You should already be playing with them more to reduce their attacking. But also try talking to them more and giving them eye contact.


I even find our kitten Charlie wants me to follow him sometimes. He’ll meow at me and once I give him attention, he’ll walk a few steps and then turn back to see if I’m following. I know he’s looking for attention and enjoys the one-on-one time he gets when I follow him to a different spot because he starts purring, will rub against me, or flop over and roll on the ground for tummy rubs. 


Pay attention to your cat’s body language and do your best to respect their wishes (for attention or to be left alone).



Is it normal for kittens to be aggressive?

It’s normal for kittens to want to play, however, it’s not normal for that play to be aggressive. If your kitten is aggressive and it seems as though they’re biting to hurt rather than play, you should talk to a veterinarian to rule out any health issues. 


If a kitten is in discomfort, they may be aggressive as a way to protect themselves or simply because they don’t know how to deal with the pain. 

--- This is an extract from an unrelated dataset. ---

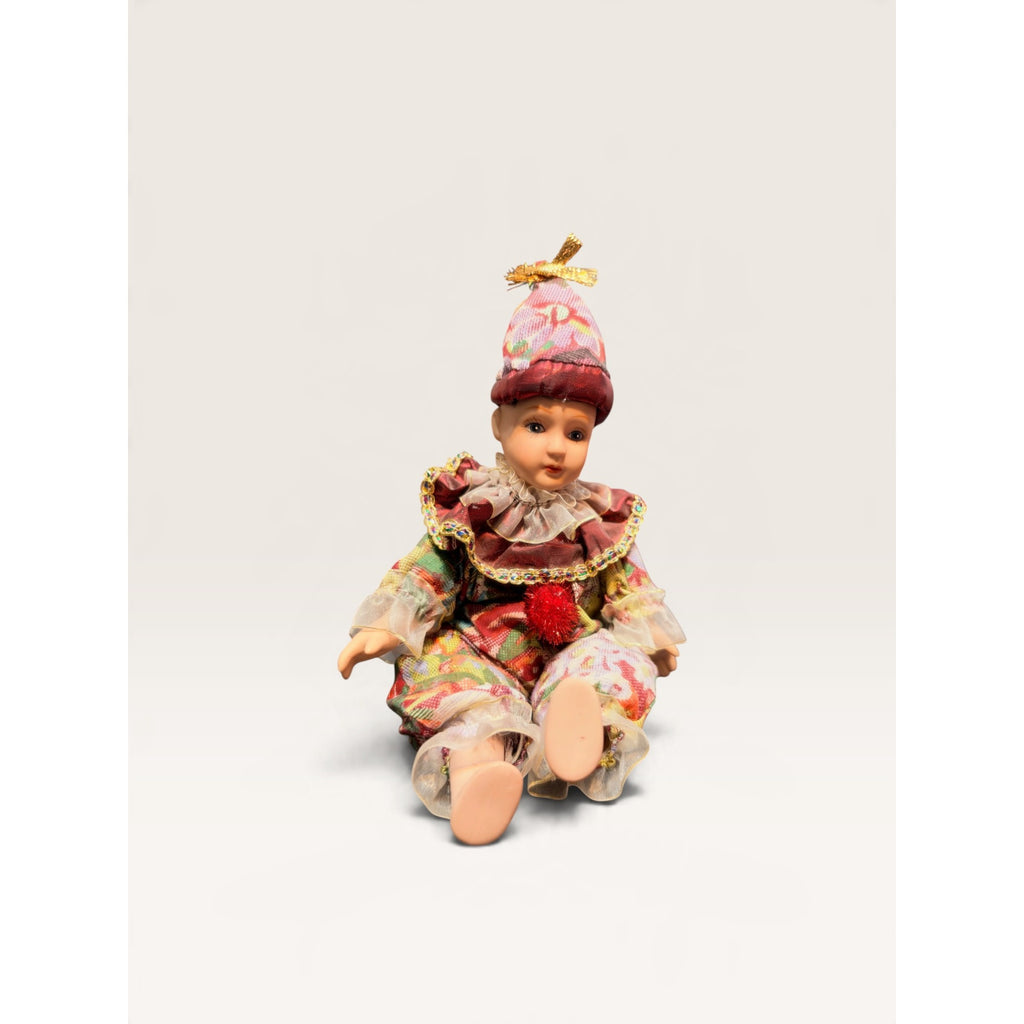 Vintage Porcelain Clown Doll Floral Costume 10.5 Inch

A kitten may also be abnormally aggressive if they feel they need to protect themselves from other animals or humans. They may have come from a feral mom and not trust humans yet, or they may have been in a situation before they were adopted that taught them not to trust humans. 


It could even be that a small child in the house is making your cat think that humans are unpredictable. 



Will my kitten grow out of attacking me?

A kitten will grow out of attacking your feet and hands if you teach them that attacking you isn’t an appropriate form of play. 


You must teach them properly, following the steps in this article, and you must be consistent.


If you allow them to attack your hands when they’re under the covers, they won’t understand why they can’t attack them outside of the covers.